Examinons un autre exemple, celui de la Colombie. Les réseaux de télévision RCN TV et Caracol TV, sont-ils des médias ou des médias de contamination ? Notez que le prétendu journalisme d’investigation de Caracol TV et RCN TV ne se préoccupe que de découvrir en détail, pendant plusieurs longs mois, comment les petites frappes s’y prennent pour dérober les rétroviseurs des voitures dans le centre-ville de Bogota, Medellín, Cali, Barranquilla, Cartagena ou Cúcuta. D’autre part, le journaliste et chroniqueur Daniel Coronell a consacré ses dernières chroniques dans le magazine Semana à révéler des preuves du comportement prétendument suspect de hauts responsables du gouvernement colombien, tels que l’ancien président et sénateur Álvaro Uribe Vélez, d’autres sénateurs, le ministre des finances Alberto Carrasquilla, et même le procureur général lui-même.
Apparemment, il n’existe aucune enquête journalistique connue, ni profonde ni même superficielle, menée par les médias traditionnels en Colombie (pas même à la télévision) qui ait aidé la justice de ce pays à révéler un quelconque scandale politique, quelque chose comme un genre d’enquête, similaire au “WikiLeaks” de Julian Assange.
Enfin, prenons l’exemple de la Corée du Nord, où l’on parle beaucoup et où l’on sait peu de choses sur ce pays asiatique. Le pays est constamment présenté par la plupart des médias comme une dictature belliciste, sous le commandement de Kim Jung-Un, censée entretenir un peuple opprimé et affamé.
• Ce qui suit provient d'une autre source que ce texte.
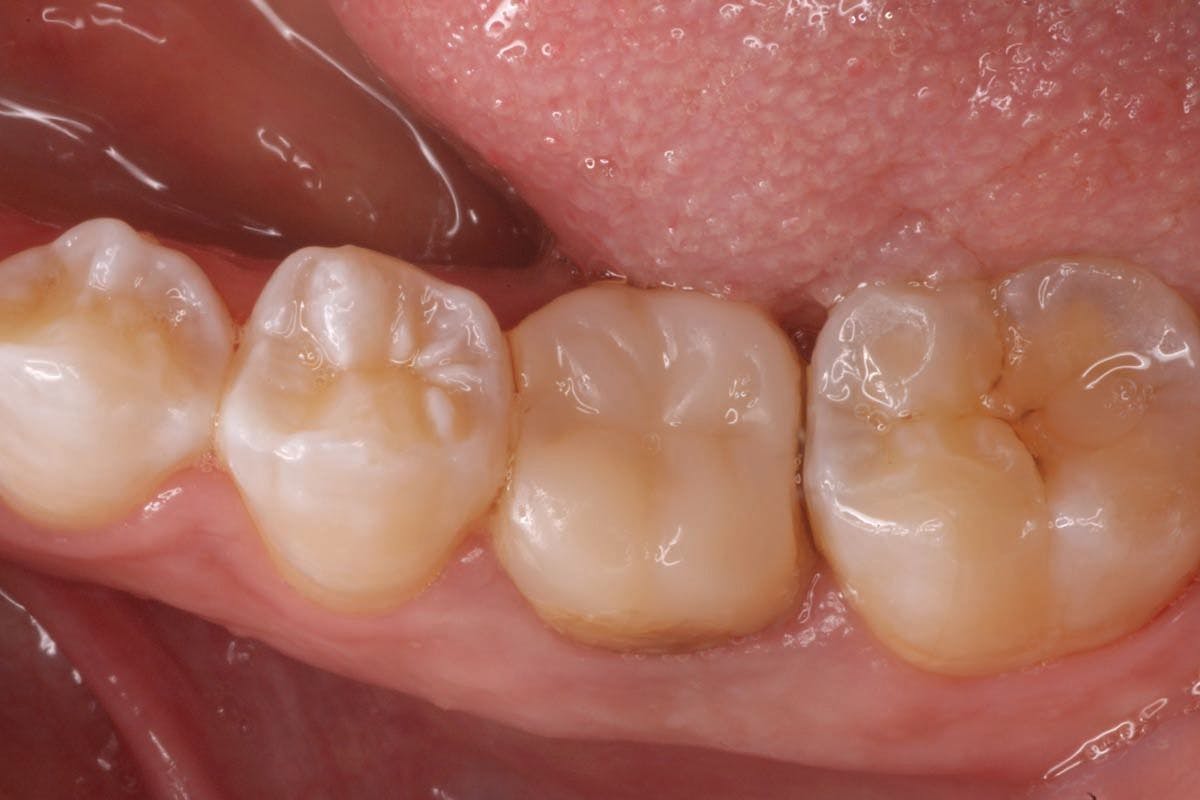 How to Restore “Unrestorable” Teeth | Image Credit: © John Gammichia, DMD, FAGD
La vision occidentale d’un État belliqueux, principalement en raison de l’adoption explicite de la politique du “Songun” (priorisation du secteur militaire) est assez biaisée. Il n’est pas mentionné, du moins pas suffisamment, qu’il s’agit d’un territoire stratégique convoité par les États-Unis depuis la Seconde Guerre mondiale, notamment pour sa capacité à fermer l’encerclement avec la Chine, en s’ajoutant aux bases déjà établies au Japon, en Corée du Sud, à Guam, à Taïwan, à Singapour, pour n’en citer que quelques-unes.
Le peuple coréen veut la paix et la réunification du pays, à tel point qu’il déteste l’expression “Corée du Nord”, car ils croient qu’il n’y a qu’une seule Corée, qu’on a essayé de la construire à plusieurs reprises, que la révolution surgit précisément pour la libération du pays, et que tout le peuple coréen est prêt à donner sa vie, pour ne pas retomber dans l’asservissement étranger, que ce soit par le Japon, comme dans le passé, ou par les USA maintenant.
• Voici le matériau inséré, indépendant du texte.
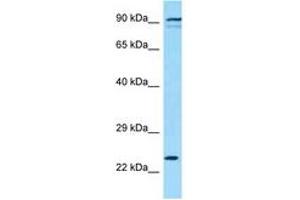 Image no. 1 for anti-Killer Cell Lectin-Like Receptor Subfamily K, Member 1 (KLRK1) (AA 121-170) antibody (ABIN6748394)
Les villes sont propres et les biens publics très bien entretenus, avec toutes les limites des ressources. Les services de base sont gratuits et universellement accessibles ; et même le problème urbain le plus courant, l’accès au logement, est inexistant. Avec le mariage, chacun reçoit du gouvernement une résidence qui n’est peut-être pas luxueuse, mais qui est sans aucun doute digne. Il n’y a pas de problème structurel sérieux de faim et de pénurie, contrairement à ce que prétend la contre-propagande occidentale.
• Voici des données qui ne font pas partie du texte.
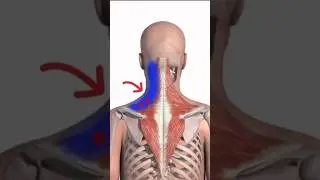 Voc&ecirc; sabia que ponto gatilhos podem gerar dor irradiada para outros locais?! 🤔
Noam Chomsky, lors de sa rencontre avec Lula da Silva en 2018, a souligné que des mesures doivent être prises pour contrecarrer la concentration du pouvoir des médias de droite en Amérique latine (et en Occident et dans le Monde), car Lula lui a dit que pendant tout son mandat, il a subi des attaques constantes de la part des médias. Il y a eu des milliers d’attaques, venant de toutes les directions, ce qui, bien sûr, sème la confusion et mine l’opinion publique. Comment faire ? Comment le contrer ? Cela est un sujet pour un autre article.
Nous concluons en soulignant, par une phrase peut-être banale, mais vraie, que l’assaut des grands médias est, dans une large mesure, contre la liberté d’expression.